Edita-se o produto deste etnotráfico. Livros, discos, cassetes, DVD’s. Edições para ouvir o povo. São os nossos indígenas. As suas áreas tribais são as comunidades onde vivem. Nunca se partilham lucros. O informante existe e não existe.
Quando sabemos o seu nome, é de uma forma lacónica. Temos uma linha de identificação. Um local. Uma idade. Por vezes a profissão. Tantas vezes temos a aposição de «tio» ou «tia». Precede e é regional.
São informantes, informadores, colectados. Designações de um sujeito que de facto não existe. Não existe porque transporta algo de um passado. De um passado que é colectivo. Que é português. Hispânico. Pan-hispânico.
2.
Portugal, que possui uma arquitectura legal, não tem dado atenção a esta «coisa». Nem à defesa do bom-nome de gerações de homens e mulheres. Em fichas, sem conhecimento do «fichado», esmiúça-se a vida. E inteligente, sabe ler ou não, bebe, é trabalhador ou trabalhadora…
A seguir ao trabalho científico, vem outra gente. São os poetas e os músicos. Nova música tradicional. Música tradicional urbana. Gravam-se os temas que outros, ou os próprios, na peugada do mítico Michel Giacometti, deram a conhecer.
O povo não tem direitos de autor.
3.
A propriedade intelectual é hoje, dentro das discussões sobre salvaguarda do Património Cultural Imaterial, uma questão incontornável. Não é possível, na nova sociedade de informação, fazer de conta que tal não existe. De qualquer forma, o Outro começa a lembrar-nos de tal.
Após décadas de exploração começa a surgir a resposta. Soa-nos a estranho que o indígena nos peça dinheiro ou se recuse. Ou impeça.

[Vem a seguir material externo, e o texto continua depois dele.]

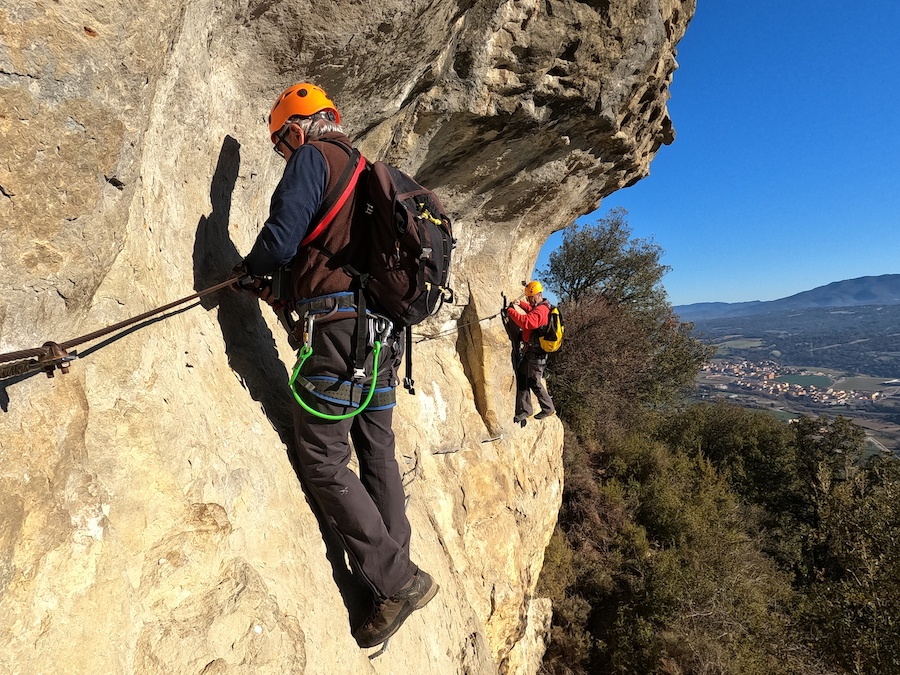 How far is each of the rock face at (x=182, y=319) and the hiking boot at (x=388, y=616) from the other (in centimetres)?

O trabalho científico, chapéu por vezes demasiado largo, já não consegue tapar todos os buracos.
4.
Em Campo Maior, há alguns anos, a filha de Maria Teodora impediu que a voz de sua mãe, entretanto falecida, fosse animação musical de rua durante as festas dos Contrabandistas.
Quando fizemos trabalho de terreno para recuperar o nome e a biografia daqueles que foram filmados em Campo Maior fomos confrontados com isto. E também tivemos de pedir autorização.
5.
Se reagimos tantas vezes contra a pilhagem de património material que a Europa fez em África, na Ásia e na América, porque não procedemos da mesma forma em «casa»? O riso de ironia contra alguns museus americanos que compraram na velha Europa castelos, palácios e claustros tem um lado sombrio: o do predador que sabe que também pode ser vandalizado.
Tudo depende de onde se localiza o centro e a periferia.
DOIS
1.
O sexto volume reúne três contribuições.
Manuel Rocha evoca Michel Giacometti e reflecte, emotivamente, sobre a série Povo que Canta Não Pode Morrer. Ele que, há alguns anos, com Ivan Dias, construiu e revisitou locais e gentes que antes, o «andarilho» que sabia ouvir, tinha calcorreado e contactado.
Um novo roteiro etnomusicológico por um Portugal de finais do século XX.
Domingos Morais, num outro território, constrói um olhar diferente. Analisa um percurso e uma obra de um investigador visto como singular no panorama português.
A entrevista a Luísa Tiago de Oliveira complementa, e amplia, um conjunto de reflexões já partilhadas por Jorge Freitas Branco. Procurou-se cruzar o olhar da História com o da Antropologia, na análise crítica a uma vida e a uma obra.